Health Care Reform Update, Part 2: The Mandate

Health Care Reform Update, Part 2: The Mandate

Eileen St.Pierre, The Everyday Financial Planner

On June 28, 2012 the Supreme Court in a 5-4 ruling upheld the majority of the Patient Protection and Affordable Care Act’s provisions.  The individual mandate was upheld under the government’s general power to tax.  This column is the second in a 4-part series providing an update on the health care reform law.  It focuses on the individual mandate and other important changes coming in the future.

The Mandate

  • Most Americans must have health insurance coverage by January 1, 2014 or pay a penalty.  The initial penalty for an individual starts at $95 or up to 1% of income, whichever is greater.  The penalty will rise to $325 or 2% of income by 2015; $695 or 2.5% of income by 2016.  There is an exemption for those with low incomes and for those who spend more than 8% of their income on mandated health insurance.  No criminal charges or liens can be imposed on those who do not pay the fine.
  • Native Americans, members of certain religious faiths, undocumented immigrants, and prisoners are not subject to the mandate.
  • Employers began reporting the value of health insurance on 2012 W-2 forms in Box 12 under Code DD.  This amount is not taxable.  The IRS will use this value in 2014 and beyond to verify insurance coverage and determine any tax penalties under the Affordable Care Act.  For example, some employees are provided high-cost insurance plans, known as Cadillac plans, as part of their benefits.  Starting in 2018, there will be a 40% excise tax on these plans; this tax will be paid by the insurance provider.
  • Subsidies and tax credits will be available for low-income workers to pay for coverage.
  • Employers with more than 50 employees who do not offer health insurance coverage will pay a penalty of $2,000 per employee if any employee receives federal subsidies to purchase health insurance.  Employees working fewer than 30 hours a week or fewer than 90 days are not covered by the law.  There has been some controversy over companies moving employees to part-time status to avoid offering health care coverage.

Other 2014 Changes

  • No one can be denied coverage or be charged higher rates because of pre-existing conditions. Women cannot be charged more.
  • Insurance companies cannot drop or limit your coverage if you participate in a clinical trial that treats cancer or other life-threatening diseases.
  • Annual limits on benefits are banned completely.

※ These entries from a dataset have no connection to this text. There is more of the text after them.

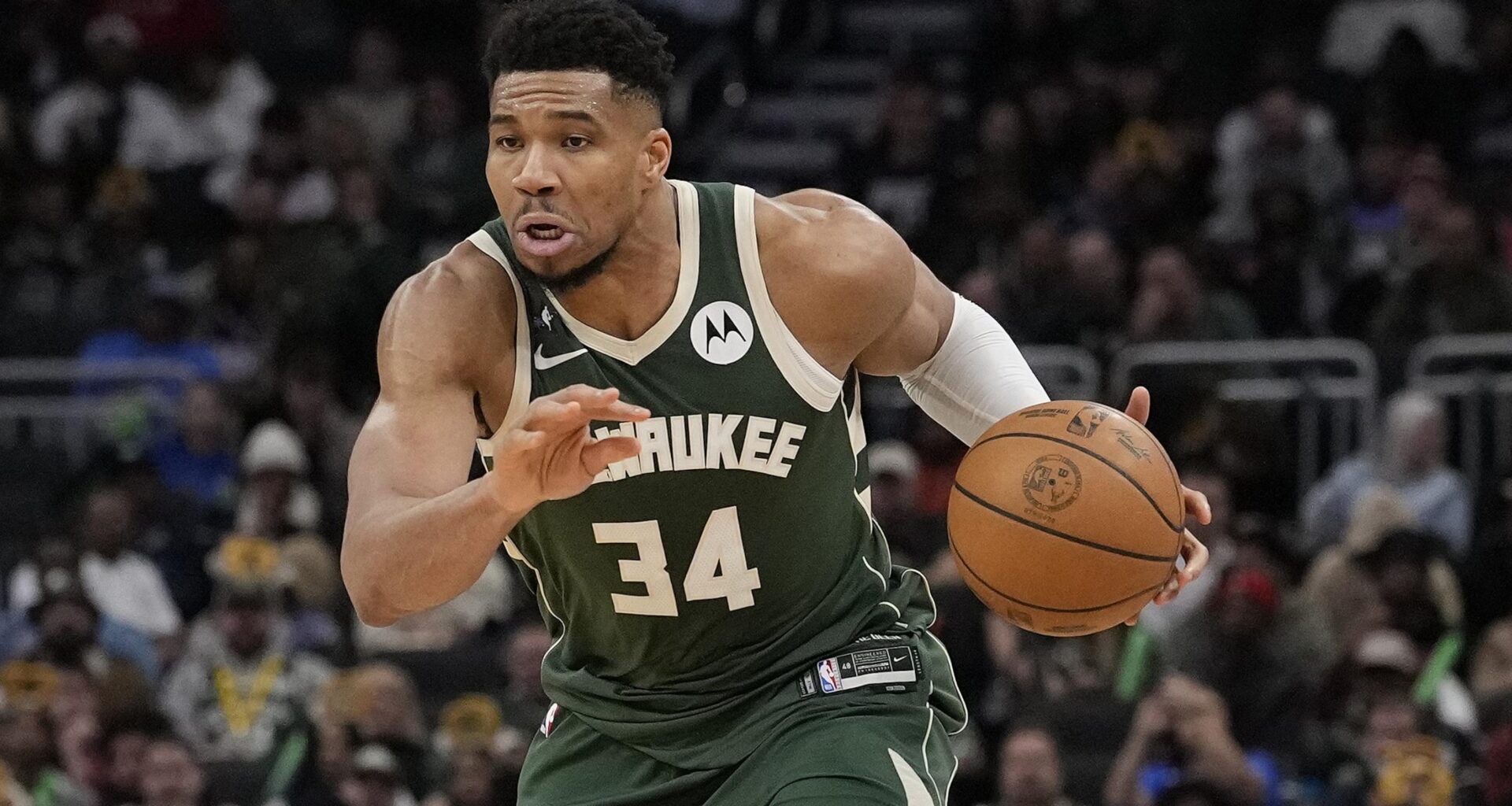 Will Lakers Pursue Giannis? Latest NBA Trade Rumors on Bucks Star amid Knicks, Heat Buzz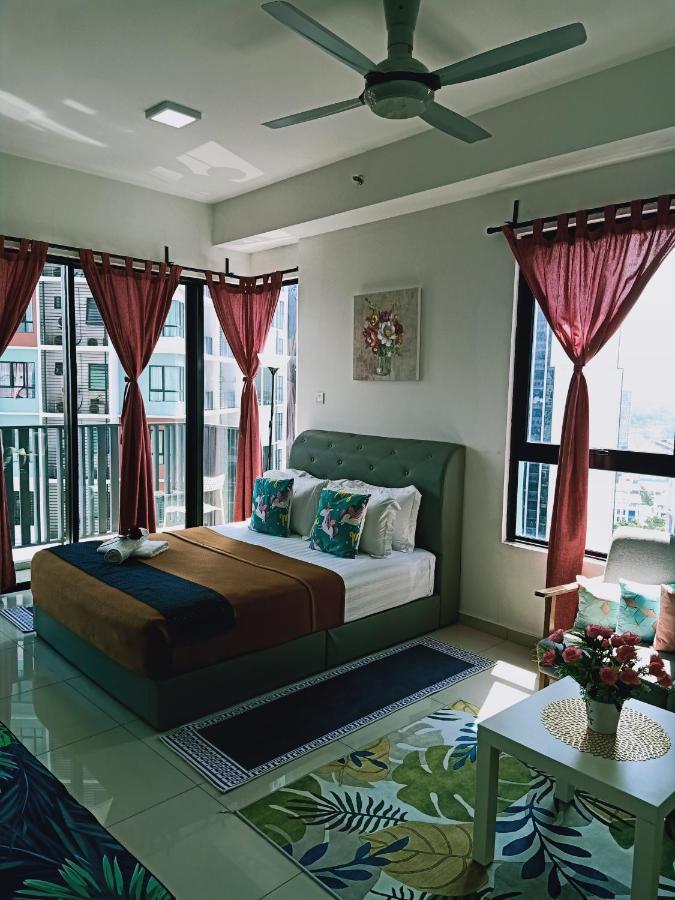 D'Gunduls Homestay Studio By Dgh I-City Шах-Алам Экстерьер фото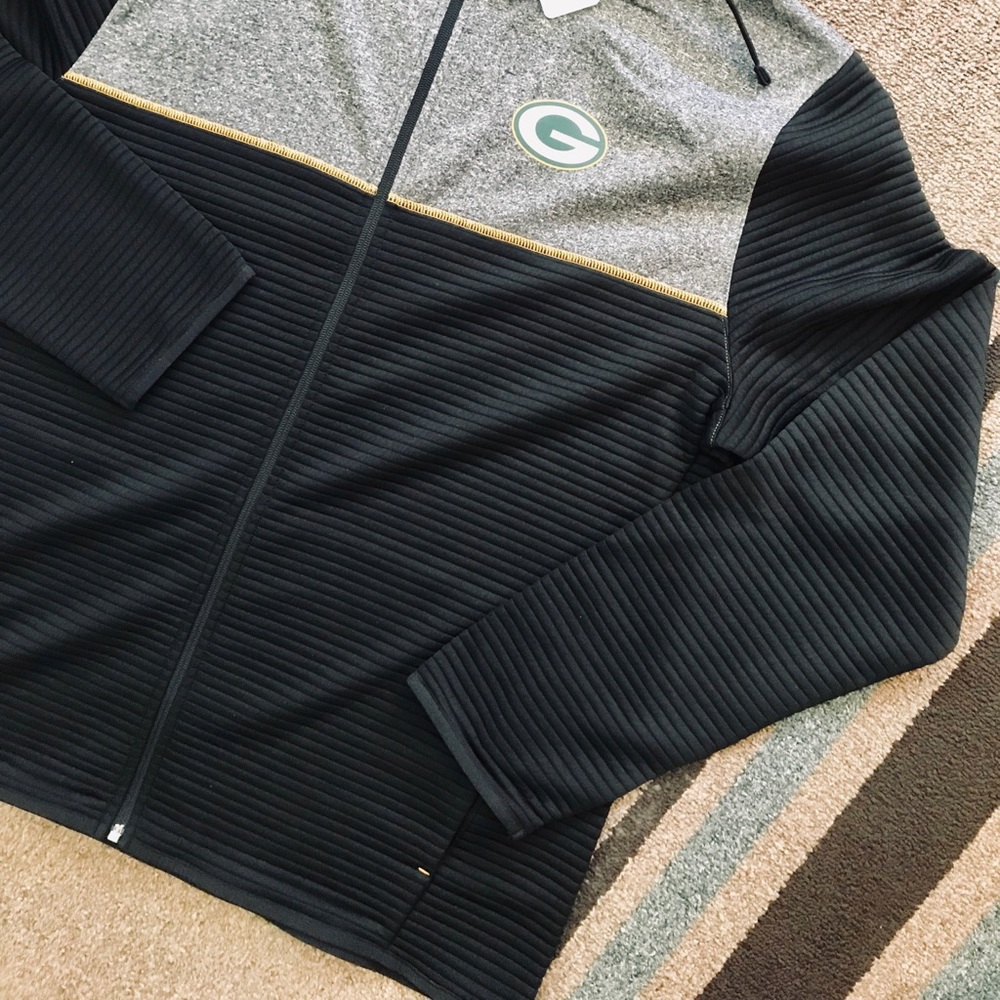 NFL Green Bay Packers Gray and Black Zip Up Sweater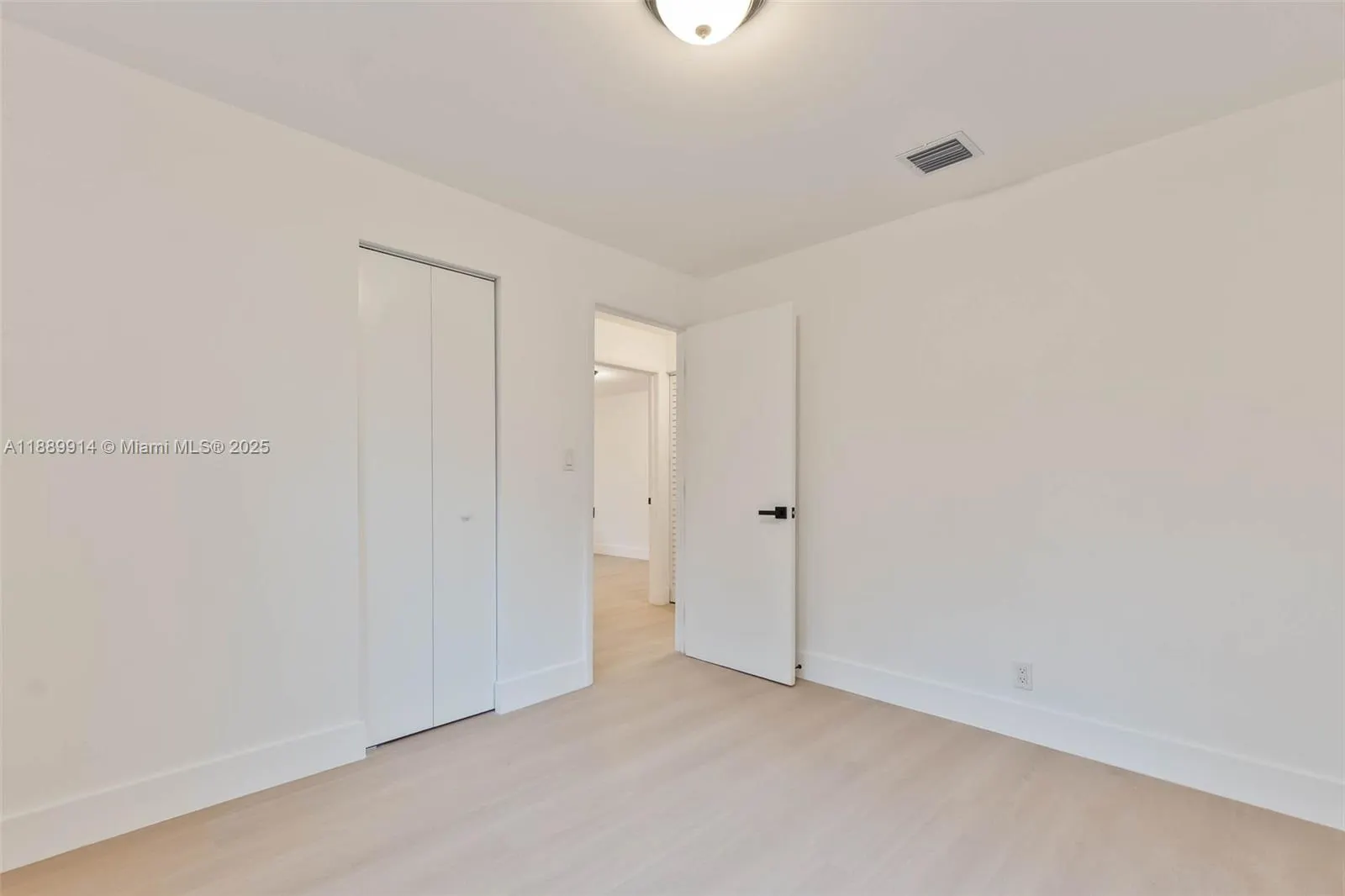 3271 NW 18th St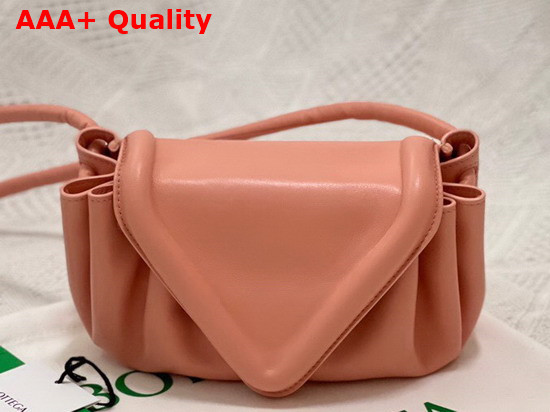 Bottega Veneta Beak Peachy Replica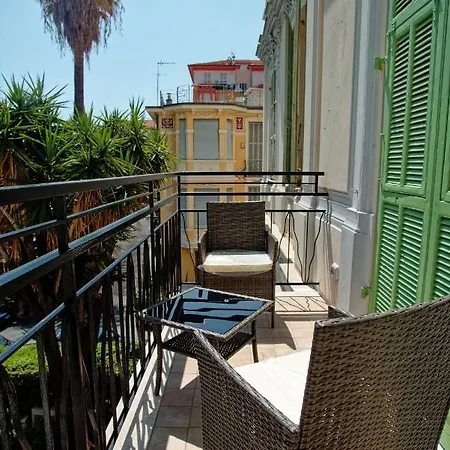 Alexander Suites & Sanremo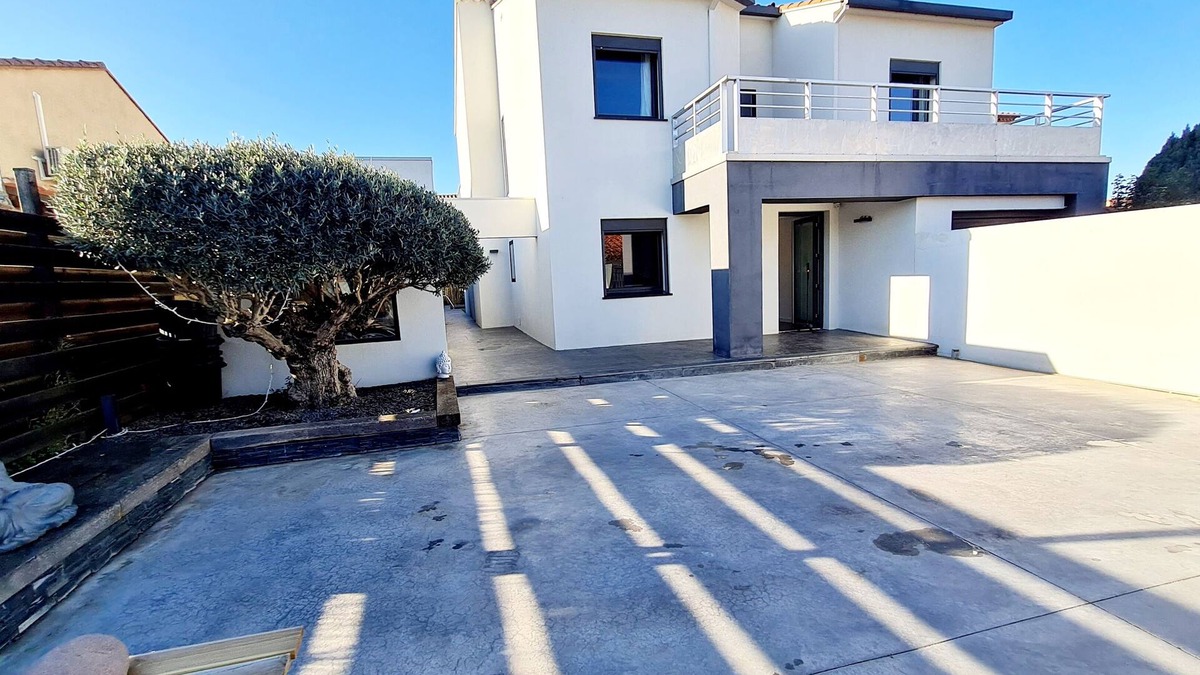 Claira Villa | The White House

The Medicare Part D Donut Hole

The donut hole (or coverage gap) will be completely eliminated by 2020.  Here is a schedule of what you’ll pay for drugs while you are in the donut hole:

  • 2013: 47.5% for brand-names and 79% for generics
  • 2014: 47.5% for brand-names and 72% for generics
  • 2015: 45% for brand-names and 65% for generics
  • 2016: 45% for brand-names and 58% for generics
  • 2017: 40% for brand-names and 51% for generics
  • 2018: 35% for brand-names and 44% for generics
  • 2019: 30% for brand-names and 37% for generics
  • 2020: 25% for brand-names and 25% for generics

Medicare Part D recipients will still be responsible for 25% of their drug costs until Medicare catastrophic coverage starts (then just pay 5%).